Usman Ahmed, CEO, Citi, Bahrain, Kuwait and Qatar
Usman Ahmed, Citi’s CEO for Bahrain, Kuwait and Qatar, discusses Bahrain’s importance as a banking hub
As Citi heads into its 50th year of operations in Bahrain, a key Saudi ally, Usman Ahmed, Citi’s Chief Executive Officer for Bahrain, Kuwait & Qatar stresses that the island nation remains a very important base for the global banking giant.
“Bahrain is very important for us, not just for our local business but also for the broader region,” says Ahmed. “In addition to having a full-fledged institutional and consumer banking franchise, we conduct our treasury operations for all of the Middle East and North Africa (MENA) region from Bahrain and a service hub for financial institution clients from across 11 countries is also based here. And then, of course, we also have a call center which services consumer clients of the United Arab Emirates, in addition to Bahrain.”
Ahmed, who is also the Global Head of Citi’s Islamic Banking business, has been associated with the Bank for most of his 22-year career, barring three years at the end of the last decade, since taking up his first assignment in Pakistan, in 1996. Since then, he has also held various senior positions with Citi in Manila, Dubai, London and Hong Kong.
Having first been posted by Citi to Bahrain in 1999, Ahmed’s insight into the Gulf nation’s economy as well as Islamic banking – which, at one stage in the past decade, was said to be growing faster than conventional banking – is crucial, especially in the context of the reported sudden downturn in the region’s oil economy over the past three years.
“I feel that, even though there has been a macro-economic concern around the budget deficit that Bahrain has run over the last three years, the economy, as a whole, has been doing quite well and we see that in our own business,” he explains. “We have not had any stress in our portfolio as a result of the downturn in oil prices and we have not had any change in our strategy in the Country.”
In fact, says Ahmed, Gross Domestic Product (GDP) growth in Bahrain has been positive, as a whole. “The Country’s economy has had quite reasonable growth of over 3 percent per annum, but, within that figure, there has been faster growth in the non-oil sector of 7.5 percent per annum,” he adds.
Despite the change in the dynamic between Qatar and its neighbors over the last year, Ahmed says Citi’s commitment to its client base in the region remains unchanged. “We are present in 98 countries around the world,” he points out. “We do business in over 160 countries. So we are invariably exposed to different economic cycles and political events around the world. But we always remain focused on trying to deliver, for our clients, the best possible value proposition that we can have in any particular market.

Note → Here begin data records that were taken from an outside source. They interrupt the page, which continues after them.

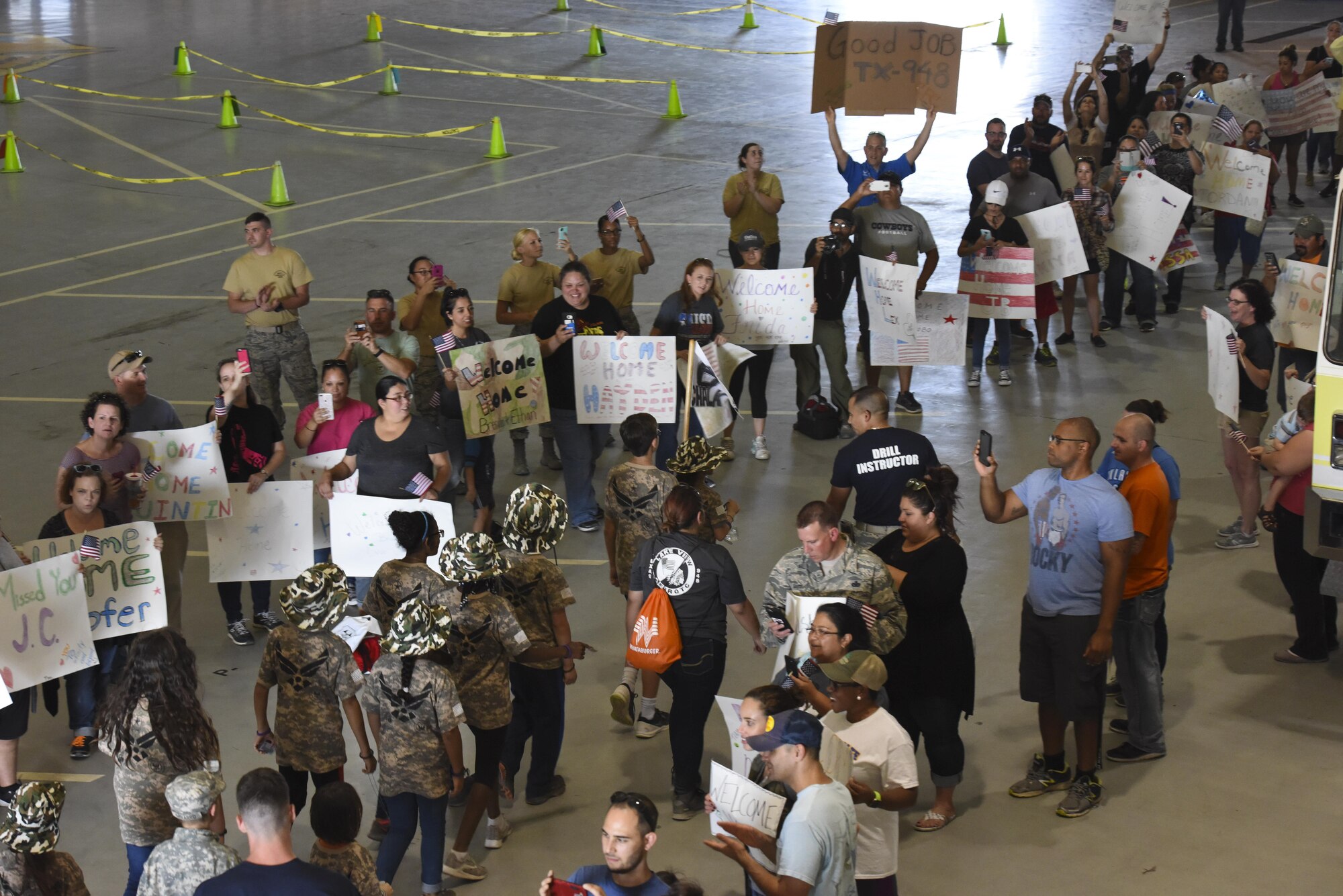 Parents welcome home their children in the Louis F. Garland Department of Defense Fire Academy during Operation Kids Investigating Deployment Service at Goodfellow Air Force Base, Texas, Nov. 4, 2017. In spirit of an actual homecoming, children were welcomed with music and the cheers of their loved ones. (U.S. Air Force photo by Airman 1st Class Zachary Chapman/Released)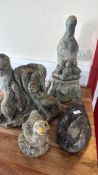 Group of cast stone duck garden ornaments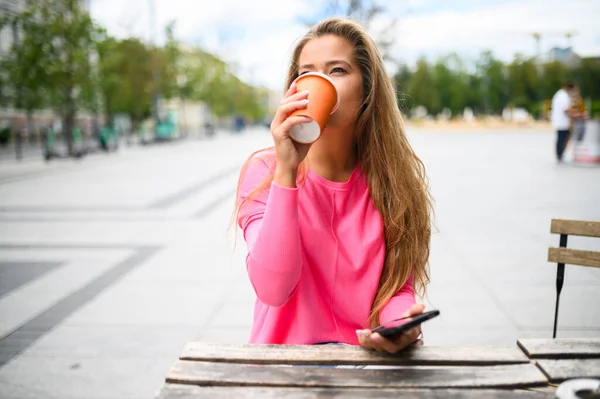 スマホを使いながら屋外でコーヒーを飲む幸せな若い女性 — ストック写真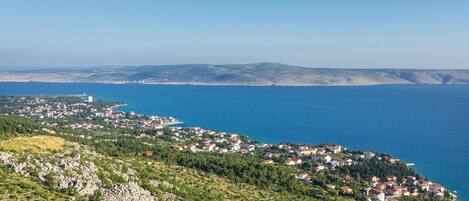 A coastal town with buildings along the shoreline, a clear blue sea, and hilly terrain in the background.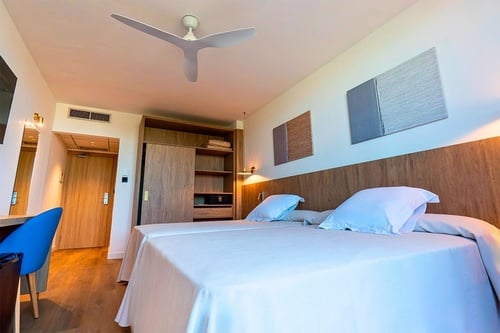 una habitación con dos camas y un ventilador de techo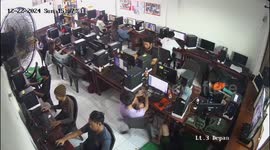 Guy falls off chair while gaming at internet cafe in Bandung, Indonesia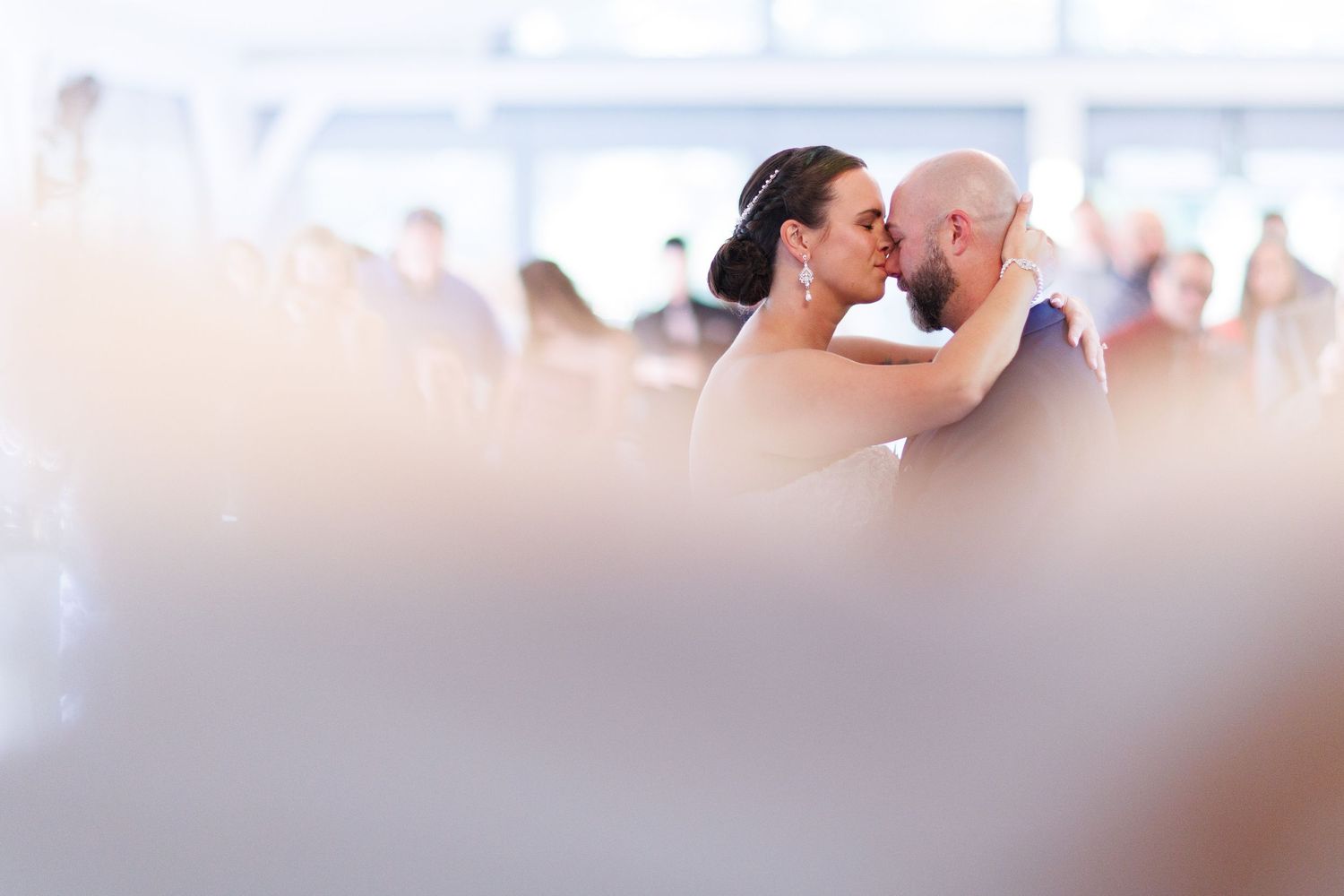 A couple shares a tender moment during their first dance at an indoor wedding reception.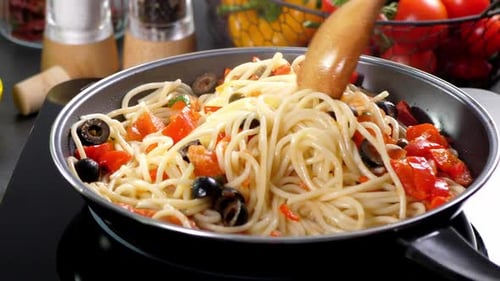 Cooking Spaghetti with Tomatoes and Olives in Pan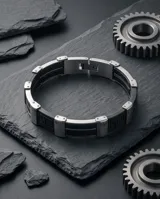 Pulsera de diseño moderno compuesta por una banda central de goma negra flanqueada por piezas de acero inoxidable con grabado de guarda griega.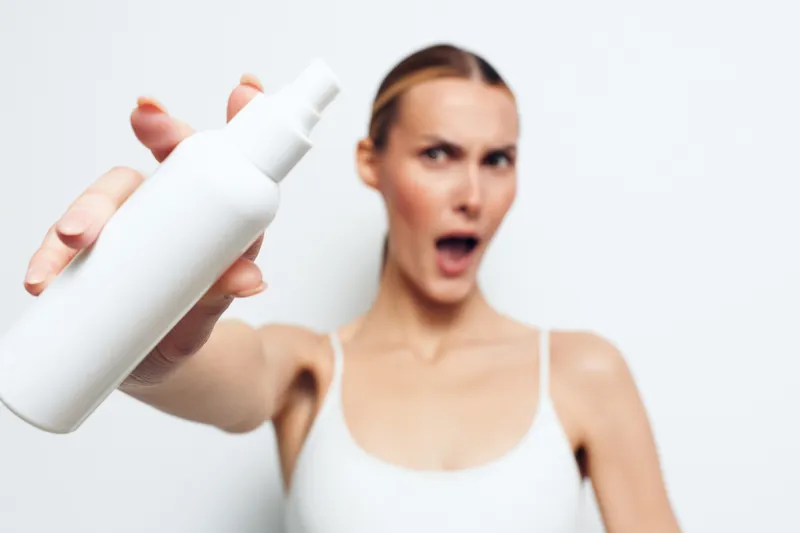 Woman skincare wellness spa beauty face spray bottle studio closeup, hand holds spray bottle near lens, surprised woman in white top behind, soft studio lighting on clean background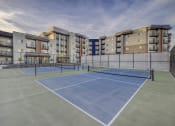 Thumbnail 5 of 26 - a tennis court with apartments in the background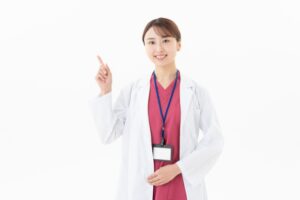白衣を着て笑顔で指差しする女性医療従事者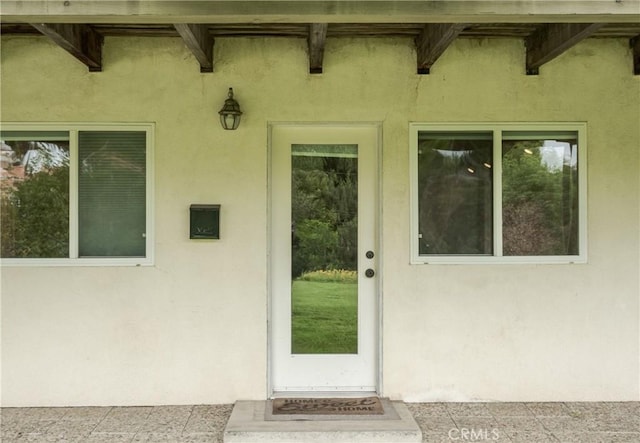view of exterior entry featuring stucco siding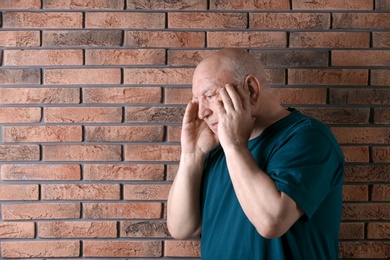 Photo of Senior man in state of depression near brick wall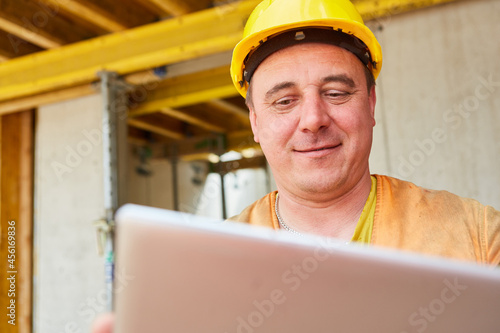 Foreman with tablet computer during construction planning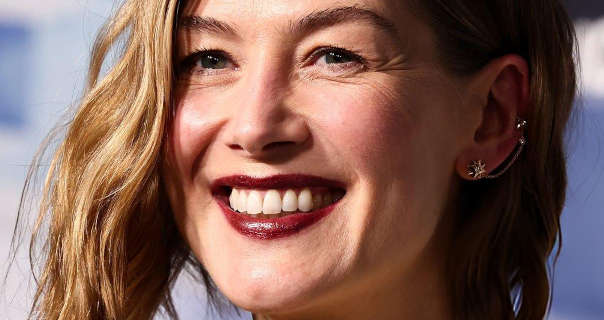 Rosamund Pike is seen with blonde highlights through her shoulder length wavy hair. She appears in front of a blue and white film poster wall. Rosamund wears a matt foundation with blue, mascara, dark red lipstick and a few small silver earrings.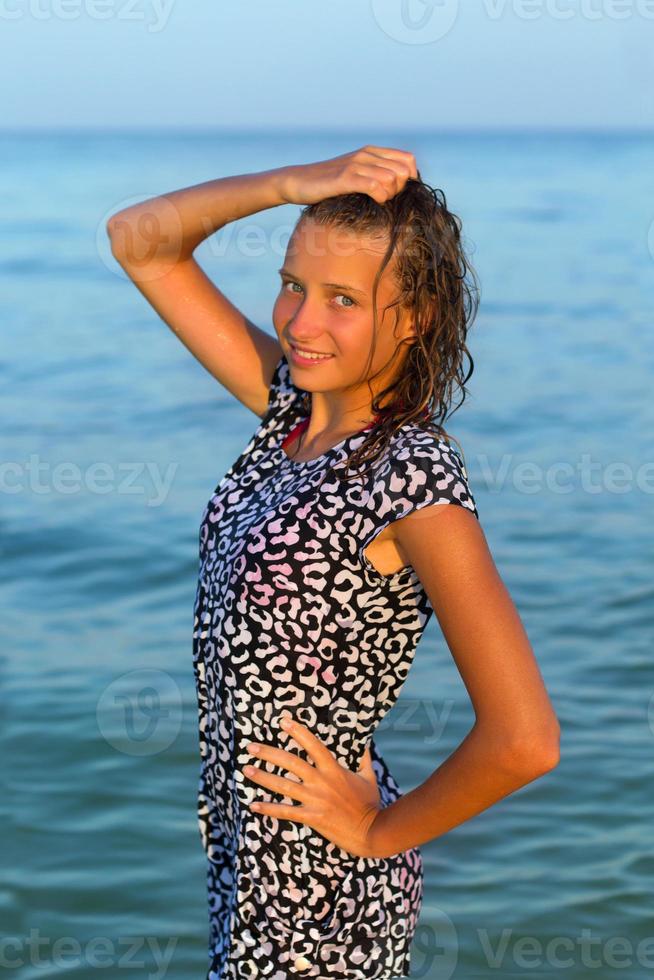 attractive teen girl in wet dress photo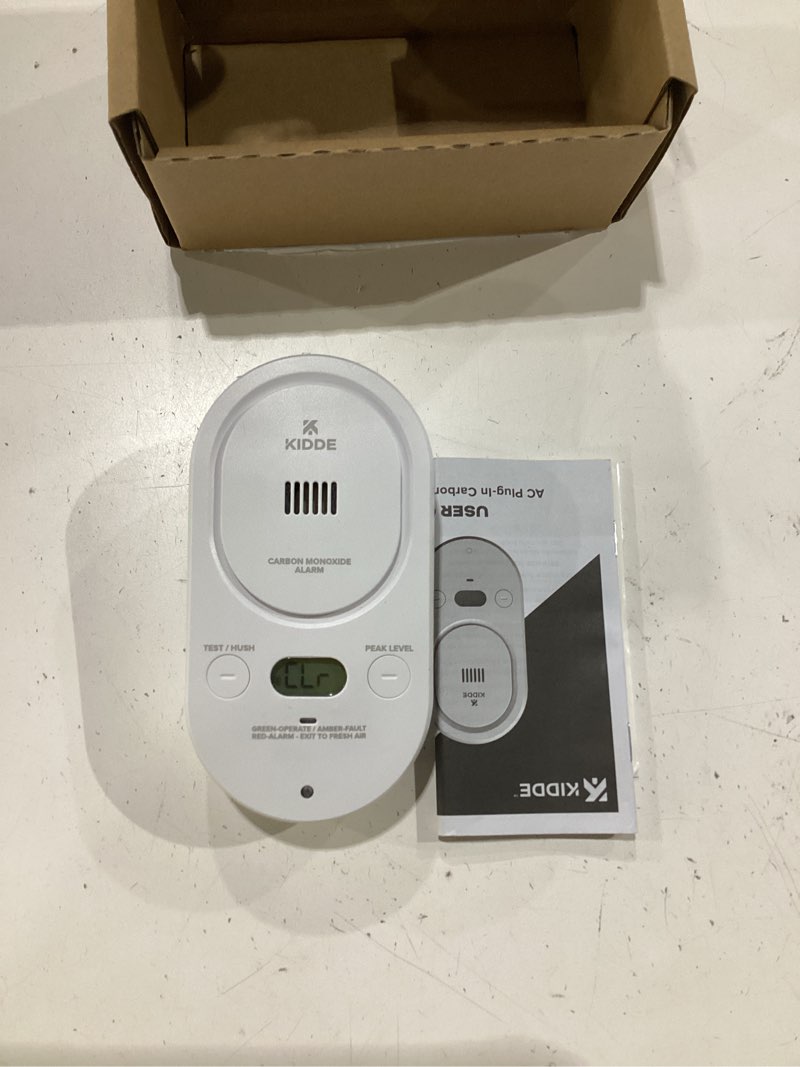 Condition photo showing As Is for kidde carbon monoxide detector, plug-in with aa battery backup, easy-to-read digital backlit display, 85 db alarm, rotating plug, led status light indicators, 5th edition, copd 1 pack 5th edition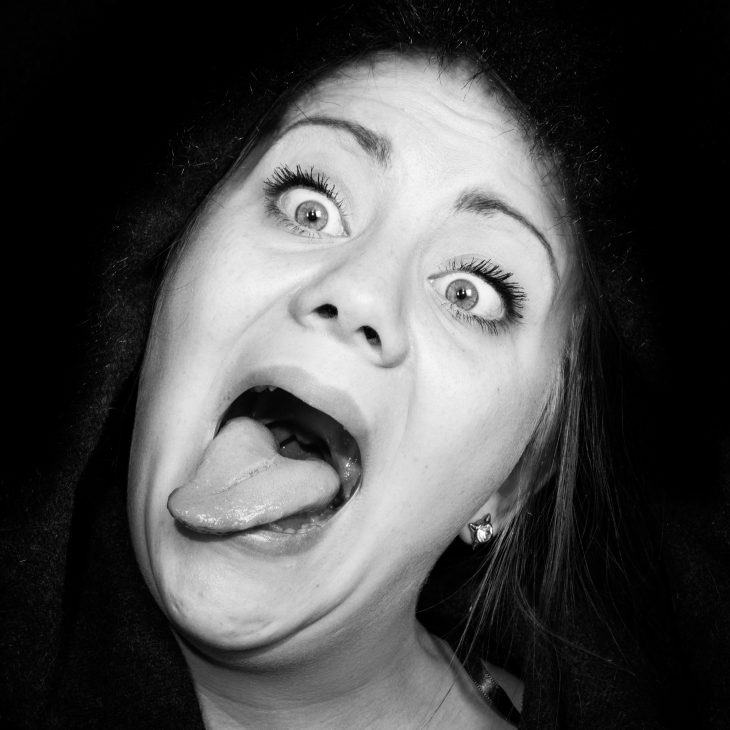 crazy woman with staring eyes and outstretched tongue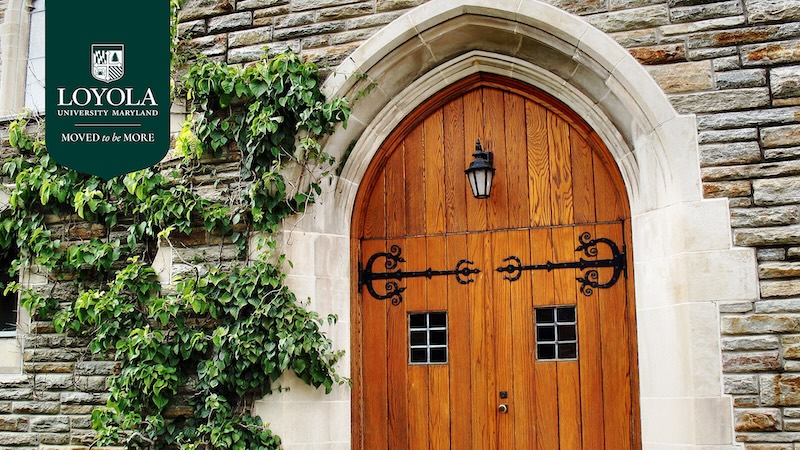 Chapel door with the Loyola logo and Moved To Be More wordmark.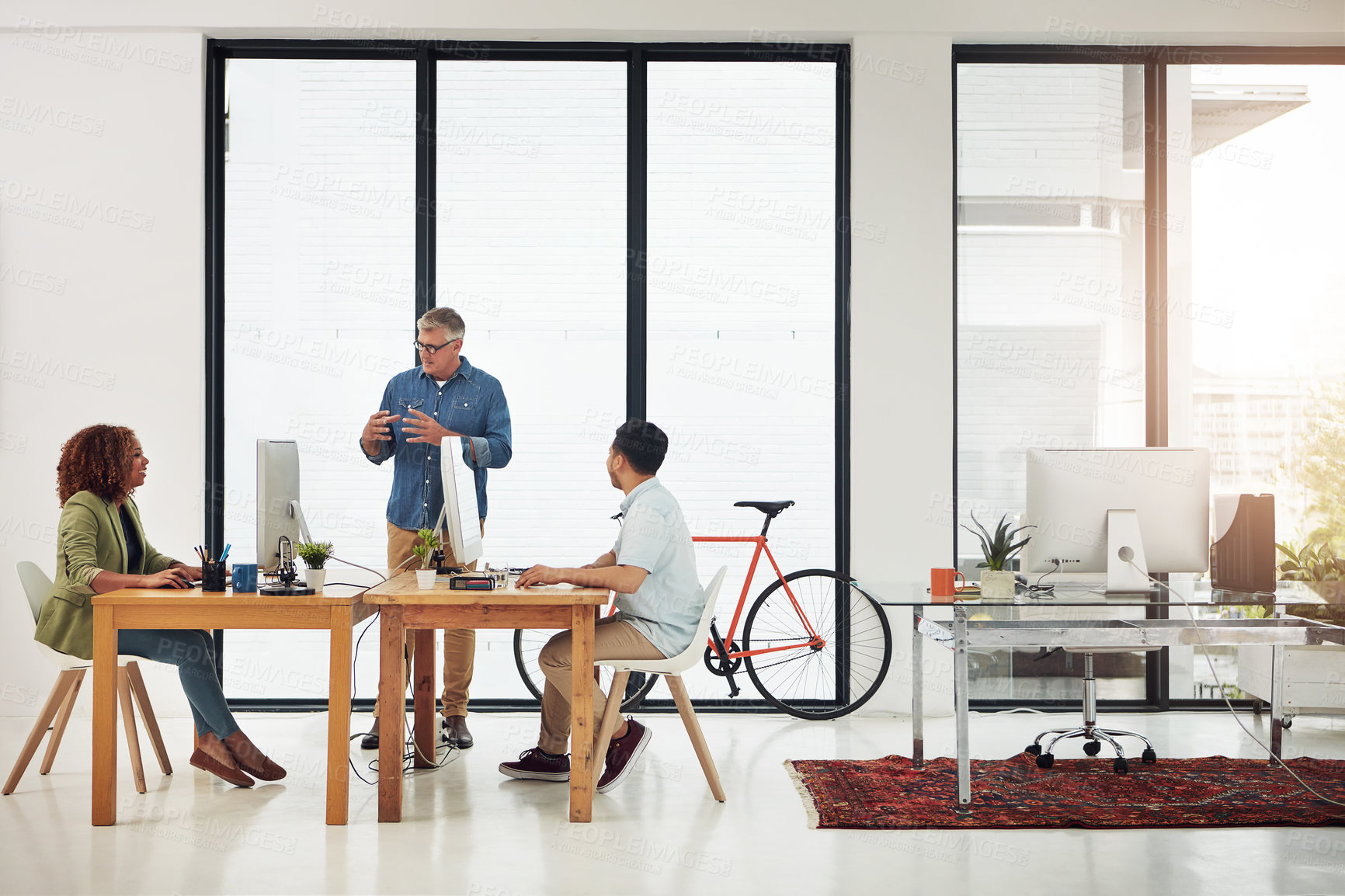 Buy stock photo Shot of a mature businessman addressing two employees in the office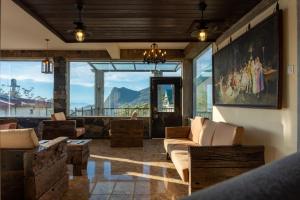 a living room with couches and a large window at Fort WindShire in Nuwara Eliya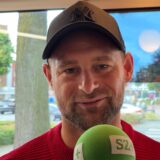 Ein Mann lächelt in die Kamera, er nimmt an unserer Umfrage teil.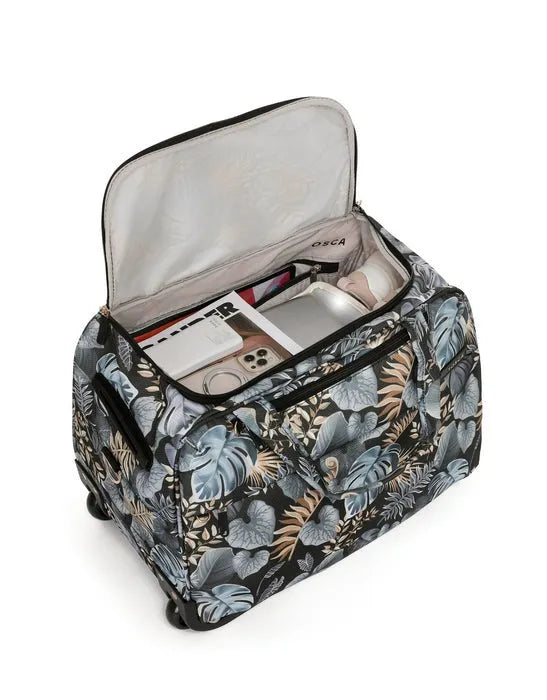 Tosca so lite onboard wheel bag with teal gray beige tropical leaf pattern holds all your travel acessories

That has exactly been our stance in Bahrain, Kuwait and Qatar. So we have not really had to make any adjustments to our approach to serving our clients in these markets as a result of recent geopolitical events. Of course, we remain mindful of the environment in which we operate but, beyond that, I don’t think there has been any desire or move to change our focus on serving clients.”
Now, as Citi prepares to both celebrate its 50th anniversary in Bahrain next year and looks to consolidate further with an eye on the future, Ahmed says that, by investing heavily in technology, the bank is focused on improving its client experience. “We have upgraded our main operating platform for consumer banking and we have also been investing in our digital capabilities, so that will be a key area of focus for us,” he explains. “We want to be the best for our clients in every segment in which we operate.”